Description of the task: In the records below, the relevant part opens with the line containing "The Prometheus solution" and closes with the line containing "This is a tent house. Here"; print that part exactly and only, without its pictures.

====== Material for this task

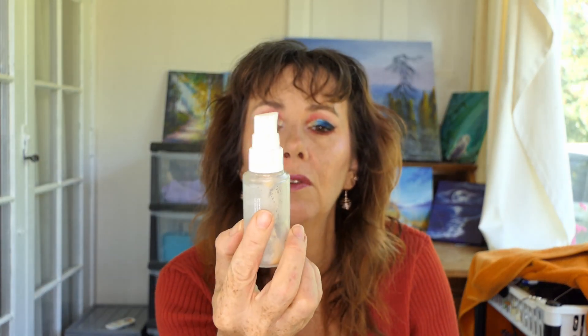Now two makeup items — one is more like a primer than makeup. The Pretty Fresh Hydrating Primer from Colourpop — I've completely used this up. I really enjoyed this and I have ordered another one. When I went to order it before it was actually sold out, but I got to order it this time.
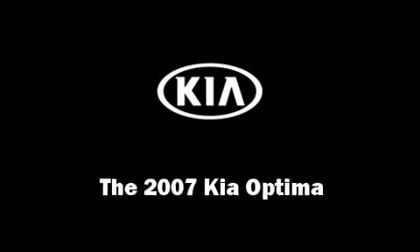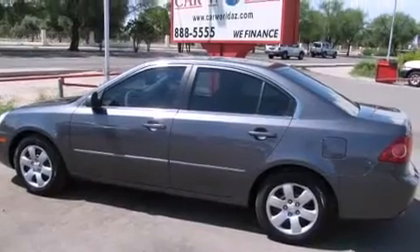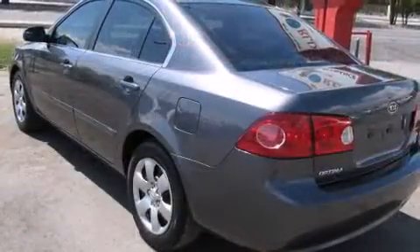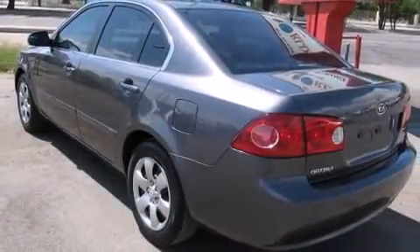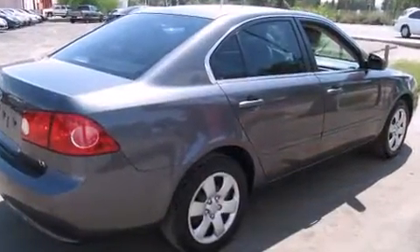You are going to love the 2007 Kia Optima. This four-door, five-passenger sedan has just over 90,000 miles. It features an automatic transmission, front-wheel drive, and a 2.4-liter four-cylinder engine.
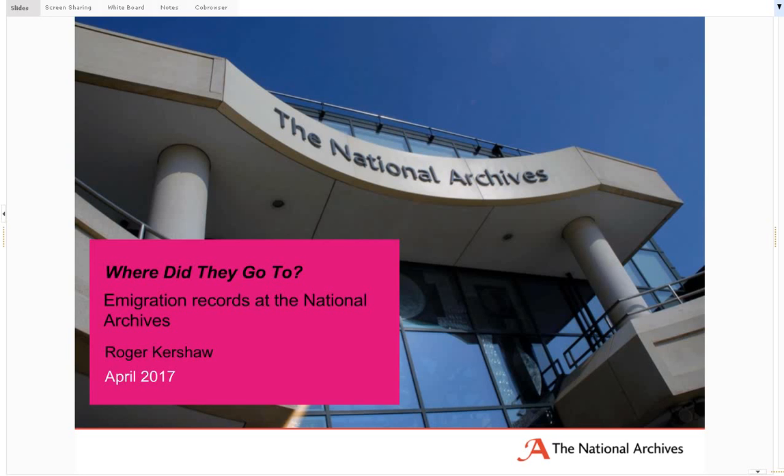Hello, my name is Roger Kershaw and I work at the National Archives. Today I'm going to give a webinar on immigration records held by the National Archives. I'll be talking for about 20 to 30 minutes, giving you an introduction to some of those main series relating to the probably 15 to 20 million individuals who left the British Isles between the 1700s and the late 20th century.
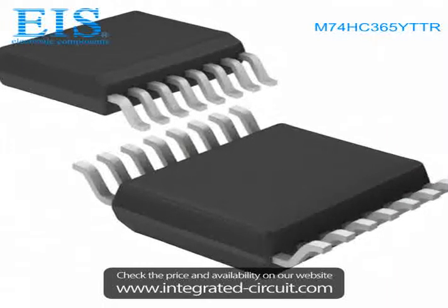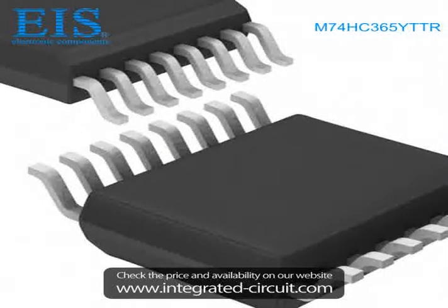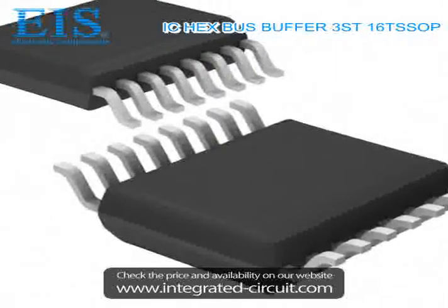Hello, this is Tams from Excellent Integrated System Limited. We are a professional stocking distributor of electronic components. We have many components in stock which can be shipped immediately after order.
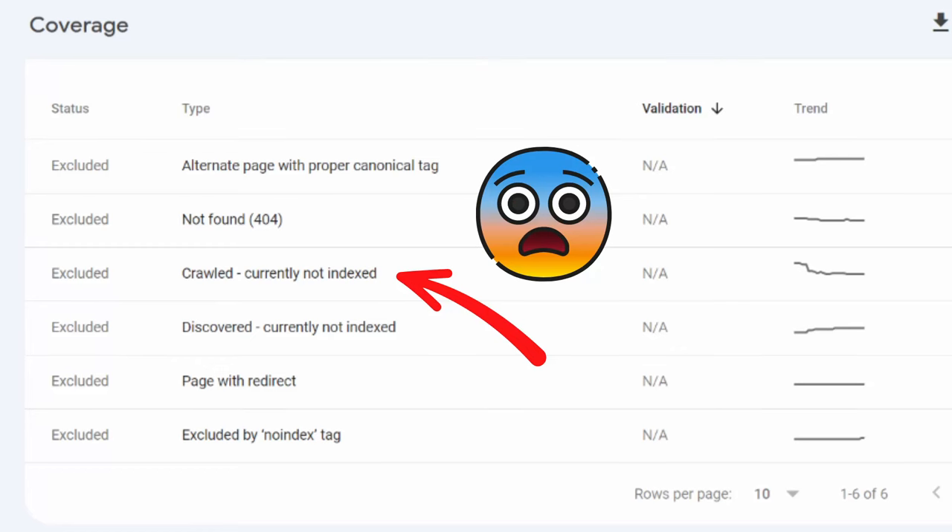'Crawled but not indexed' is a little bit different because it means that Google discovered your page, crawled it, but decided not to add it to its index. If a page is not added to the index, it cannot rank on Google. So it's really important to make sure that every single one of the pages of your website is being crawled and indexed. Why does this happen? If Google crawled your website but decided not to index it, it means it determined that the page doesn't provide as much value as it should to appear in the search results. It's that simple.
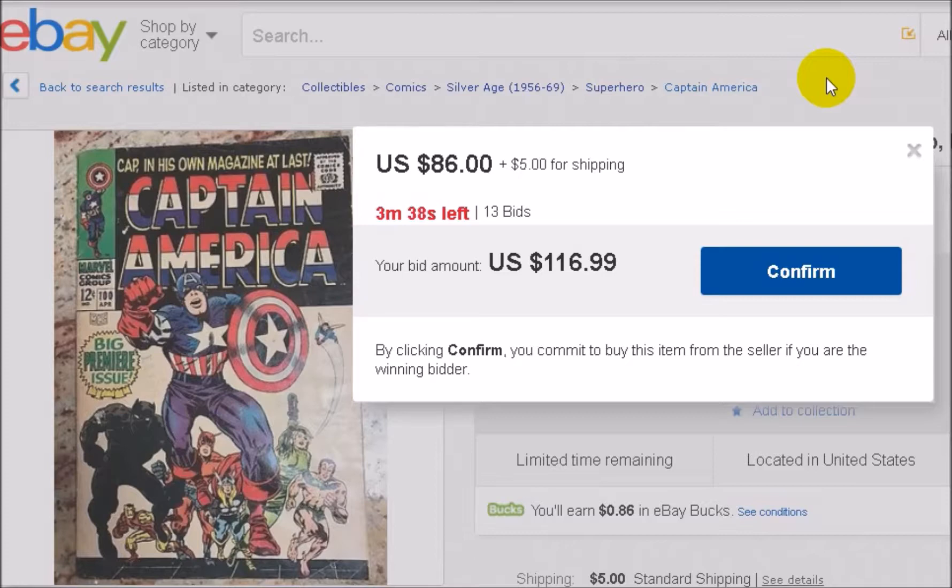Most people bid on their cell phones, and if you don't have a good connection, you're going to have to bid earlier than you really want to. The absolute best way to do it is on a home computer, and especially if you still have a landline — which is what I use for this computer for this exact reason.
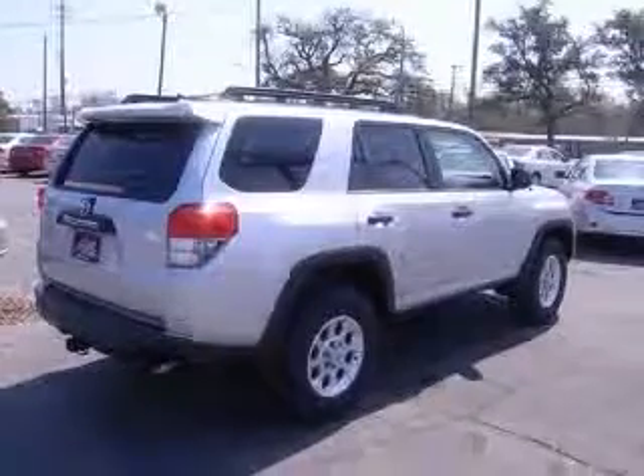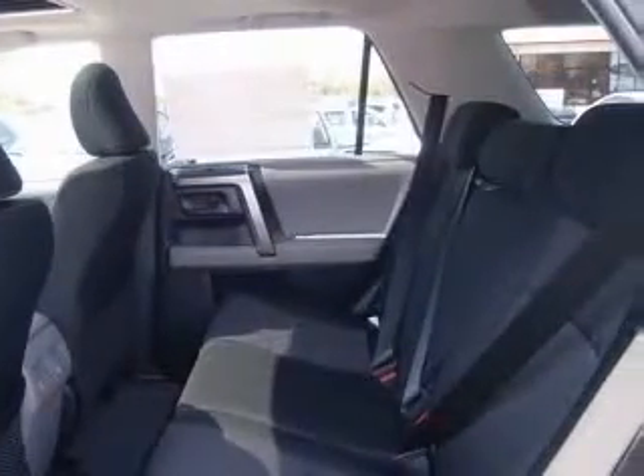This vehicle includes the following options: 4-wheel ABS brakes, 8-way power adjustable driver's seat, AC power outlet (2), air conditioning, audio controls on steering wheel, clock, in-dash compass, and cruise control.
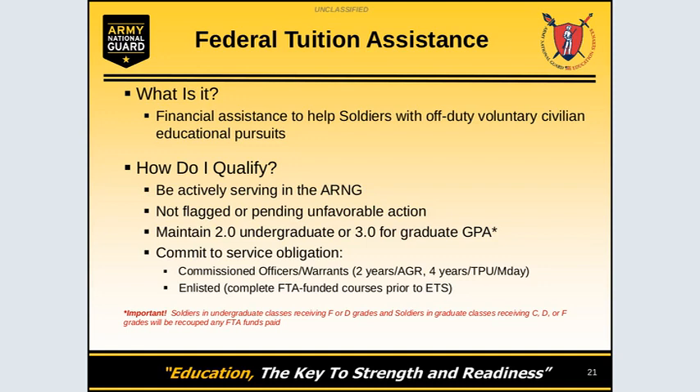You must commit to a service obligation. Enlisted must complete the FTA-funded courses prior to their ETS date. Commissioned Officers and Warrant Officers must complete either a two-year ADSO for AGR, for active duty officers, or a four-year ADSO RATSO for M-Day soldiers.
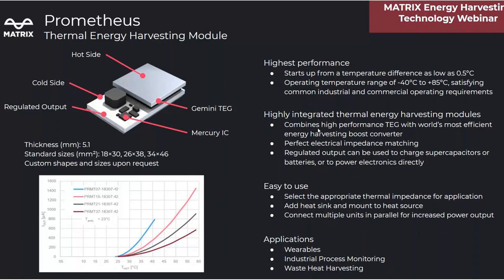The Prometheus solution integrates a TEG and boost converter into a single ready-to-use energy harvesting module. Because the TEG and boost converter are perfectly impedance-matched and tuned for each other, Prometheus starts up from a temperature difference as small as 0.5 degrees across its phases, across the entire operating temperature range of -40 to 85°C. Only two key parameters are required to determine which Prometheus part to use: the thermal resistance of the heat sink mated to Prometheus, and the desired regulator output voltage. Standard offerings are 5.1 millimeters thick and come in three different sizes, with custom shapes or sizes available upon request. Prometheus units with the same output voltage can be connected in parallel for increased power output without needing additional components. Use Prometheus in wearable devices, industrial process monitors, and waste heat energy harvesters.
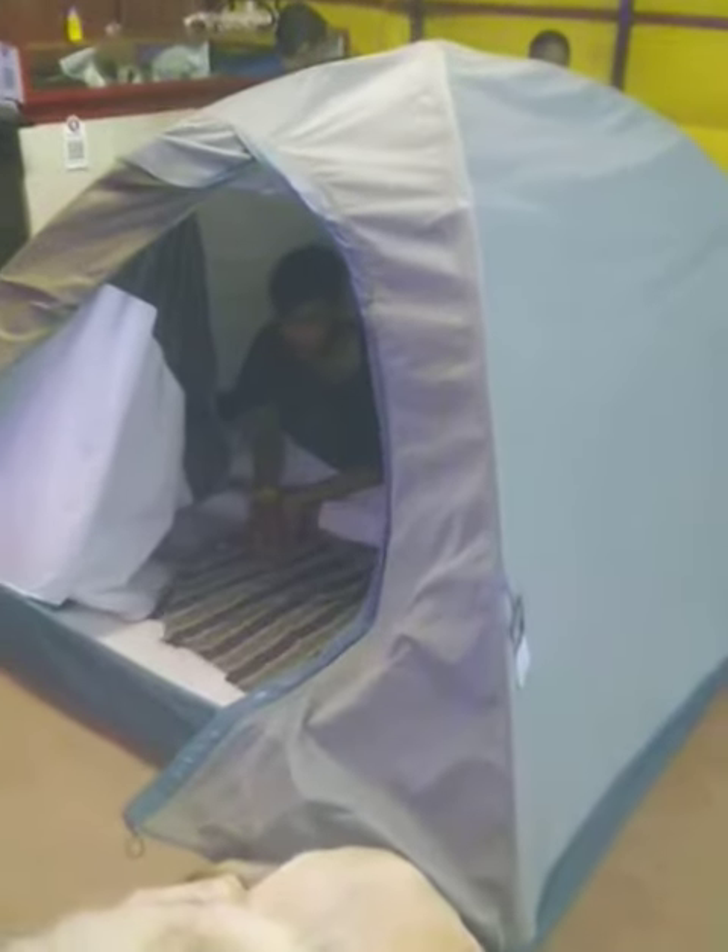This is a tent house. Here is our driver. The driver is showing his two dolls — one doll, a Labrador doll. Here is a chameleon. Both are sleeping here. This is a tent house.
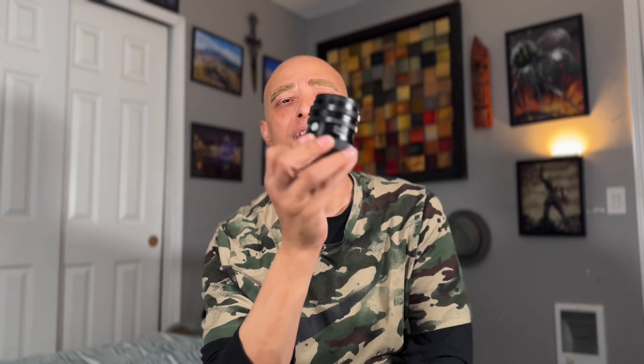I'm gonna talk about a lens that doesn't get enough credit. It doesn't get talked about enough, and I'm about to beat something about it right now. 45 millimeter 2.8 from Sigma.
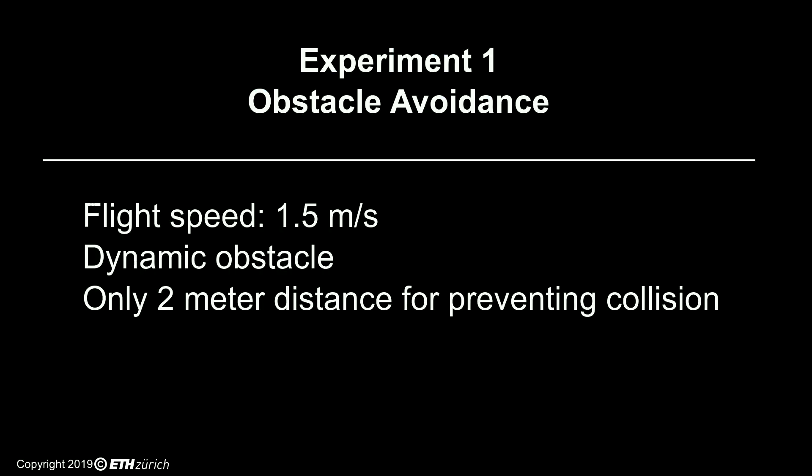In this experiment, we show how Pulp-DroNet enables our prototype drone to avoid collisions with dynamic, previously unseen obstacles in an indoor environment, such as people suddenly exiting a door.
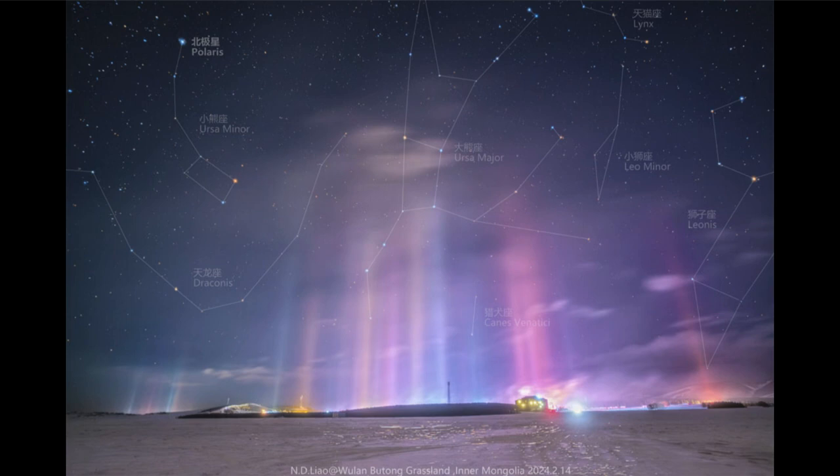Now you'll note that parts of the sky are actually labeled here for you to be able to identify. Right in the middle of all of these light pillars is the Big Dipper, and that is Ursa Major.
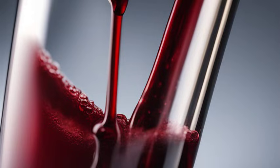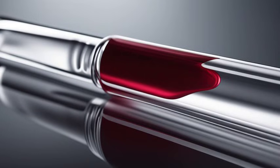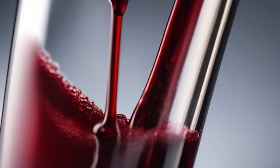If you're a B- blood type, don't worry. There are many ways you can support your overall health. Eating a balanced diet, engaging in regular exercise, and adopting stress management techniques can all contribute to your well-being. And, of course, donating blood to other B- blood individuals can make a significant difference too.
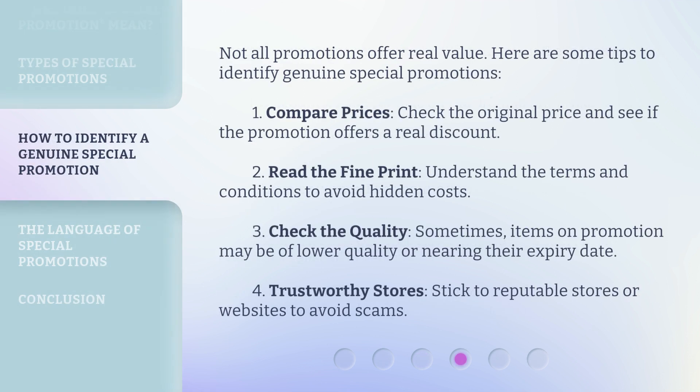Not all promotions offer real value. Here are some tips to identify genuine special promotions. First, compare prices — check the original price and see if the promotion offers a real discount. Second, read the fine print — understand the terms and conditions to avoid hidden costs. Third, check the quality — sometimes items on promotion may be of lower quality or nearing their expiry date. Fourth, trustworthy stores — stick to reputable stores or websites to avoid scams.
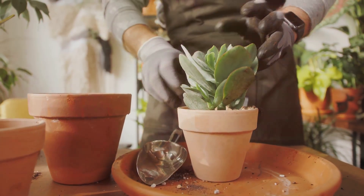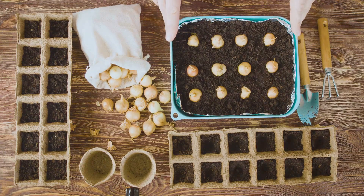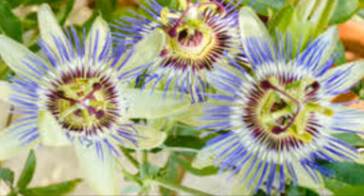Getting started is a breeze. Prep your recycled glass pots, plant the seeds, and follow our easy care instructions. Before you know it, you'll have a thriving indoor garden.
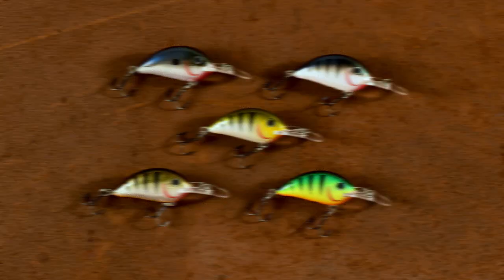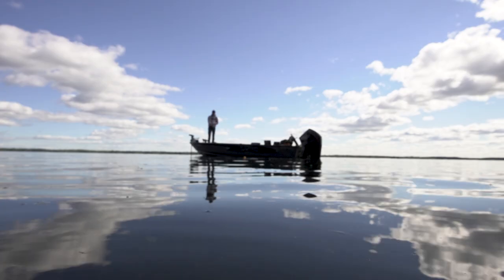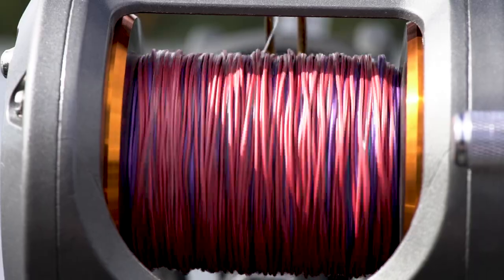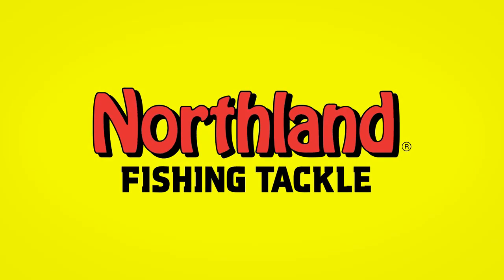It comes in 15 exciting new colors with a balsa body, through-wire construction, and casts like a bullet. Runs true on the troll and is perfect for lead core. All over, anglers are singing the praises of the new Northland Rumble Bug.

============

Result for this task:
The Prometheus solution integrates a TEG and boost converter into a single ready-to-use energy harvesting module. Because the TEG and boost converter are perfectly impedance-matched and tuned for each other, Prometheus starts up from a temperature difference as small as 0.5 degrees across its phases, across the entire operating temperature range of -40 to 85°C. Only two key parameters are required to determine which Prometheus part to use: the thermal resistance of the heat sink mated to Prometheus, and the desired regulator output voltage. Standard offerings are 5.1 millimeters thick and come in three different sizes, with custom shapes or sizes available upon request. Prometheus units with the same output voltage can be connected in parallel for increased power output without needing additional components. Use Prometheus in wearable devices, industrial process monitors, and waste heat energy harvesters.
This is a tent house. Here is our driver. The driver is showing his two dolls — one doll, a Labrador doll. Here is a chameleon. Both are sleeping here. This is a tent house.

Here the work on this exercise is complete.